Risk factors that can contribute to a big baby are:
•Big babies in families (genetics)
•Male baby
•Higher BMI before pregnancy
•Older age
•Post term
•Previous big baby
*Exercise has been shown to decrease the risk of a large baby.
-Routine Care For Suspected Big Baby-
Only 1 in 10 babies are born large, but in one study 2 out of 3 families were told they could expect a large baby. In the end, the average weight was only 7lbs 13oz. Two of three mothers had discussions with their provider about induction, and one of three had discussed a planned cesarean simply due to suspicions of a large baby. 67% were induced and 37% tried self-induction. One in five were not even offered a choice when it came to induction. One in three went with a planned cesarean, and two of five respondents said their discussion was framed that cesarean was the only option. Not only is this incorrect, but it majorly lacks informed consent.

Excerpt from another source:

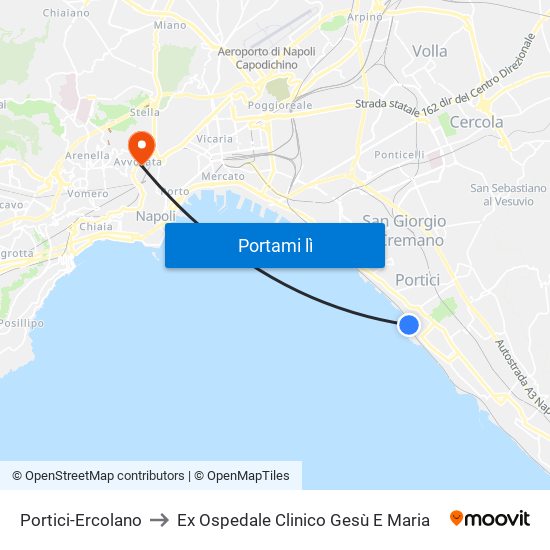 Portici-Ercolano to Ex Ospedale Clinico Gesù E Maria map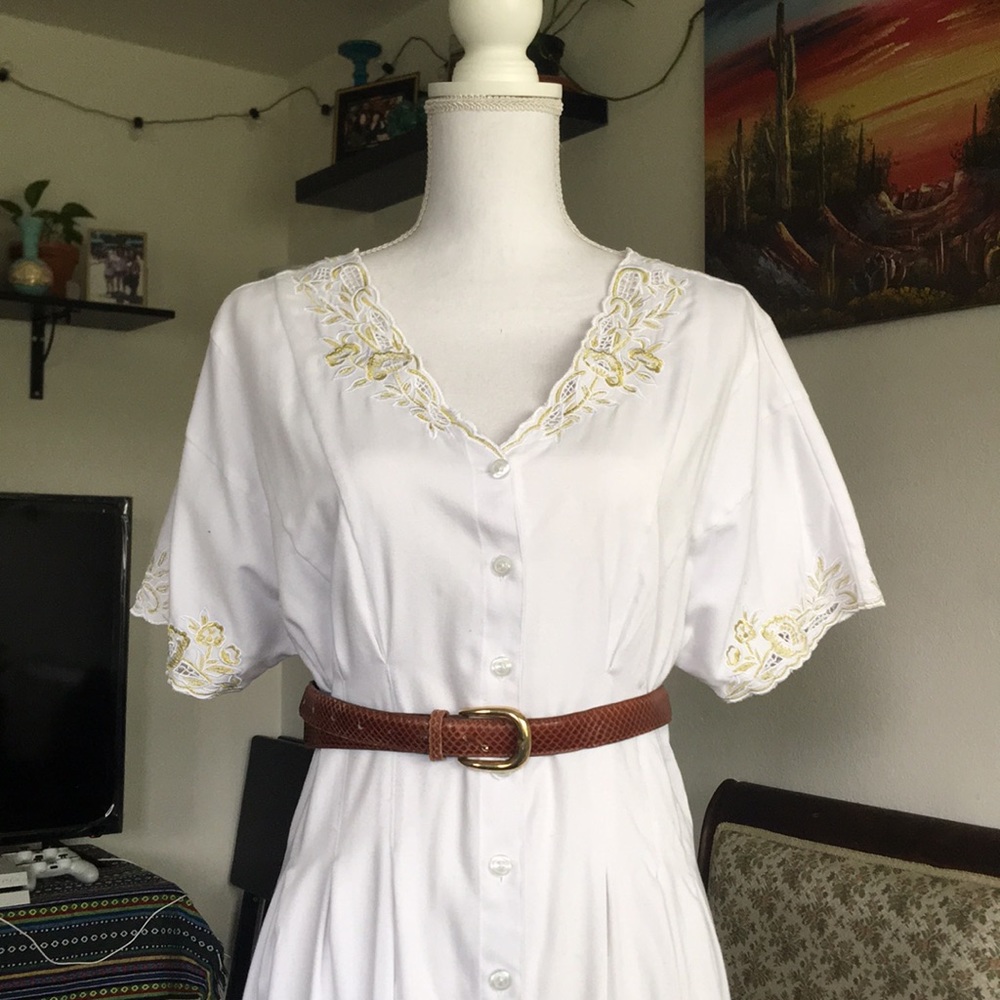 Brown Snake skin belt with gold buckle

“Big baby” concerns were the 4th most common reason for induction, and the 5th most common reason for cesarean.
Is cesarean or induction even evidence based for suspected large babies? This approach is based off these 5 assumptions:
•Higher risk of shoulder dystocia
•Higher risk of birth problems
•Providers can accurately tell baby’s size
•Induction keeps baby from getting bigger; therefore, decreasing risks.
•Elective cesareans are only beneficial IF they don’t have major risks that could outweigh the benefits
-ASSUMPTION #1: SHOULDER DYSTOCIA-
Truth: 7-15% of large babies will have issues with birth of their shoulders. Most are handled without harm. Permanent nerve damage happens in 1 out of every 555 babies, (0.18%), between 8lbs 13oz and 9lbs 15oz, and 1 out of 175 in babies, (0.57%), over 9lbs 15oz or larger.
Providers get nervous of large babies because the possible risk of nerve damage. Brachial plexus palsy is the most common cause of litigation.
A combination of multiple studies found that shoulder dystocia happened to 6% of babies over 8lbs 13oz, and 0.6% who were not “big”. The risk raised to 14% for those 9lbs 15oz or larger.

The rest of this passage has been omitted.